- _Excerpted data_
■ ■ ■ ■ ■ ■ ■

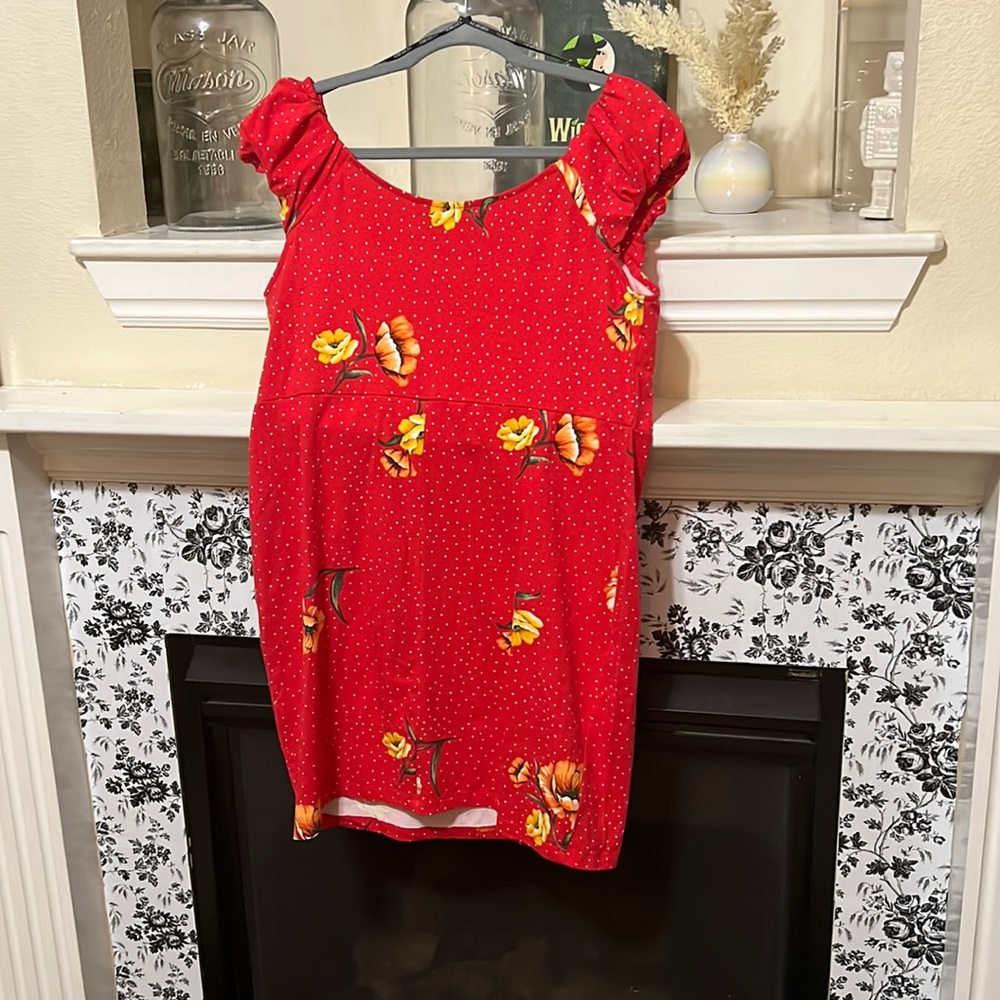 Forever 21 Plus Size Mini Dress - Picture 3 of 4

■ ■ ■ ■ ■ ■ ■

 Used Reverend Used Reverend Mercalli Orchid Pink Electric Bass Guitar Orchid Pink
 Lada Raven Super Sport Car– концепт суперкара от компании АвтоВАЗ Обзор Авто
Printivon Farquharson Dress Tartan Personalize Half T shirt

■ ■ ■ ■ ■ ■ ■

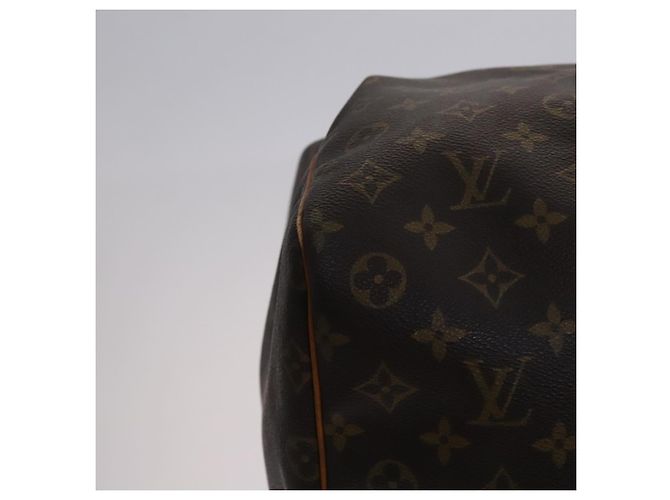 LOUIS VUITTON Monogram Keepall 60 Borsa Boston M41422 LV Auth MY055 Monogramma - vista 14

■ ■ ■ ■ ■ ■ ■

In the listing above, find the line containing "Used Reverend Used" and the line containing "Printivon Farquharson Dress". Output them and every line between, exactly, and nothing else.

 Used Reverend Used Reverend Mercalli Orchid Pink Electric Bass Guitar Orchid Pink
 Lada Raven Super Sport Car– концепт суперкара от компании АвтоВАЗ Обзор Авто
Printivon Farquharson Dress Tartan Personalize Half T shirt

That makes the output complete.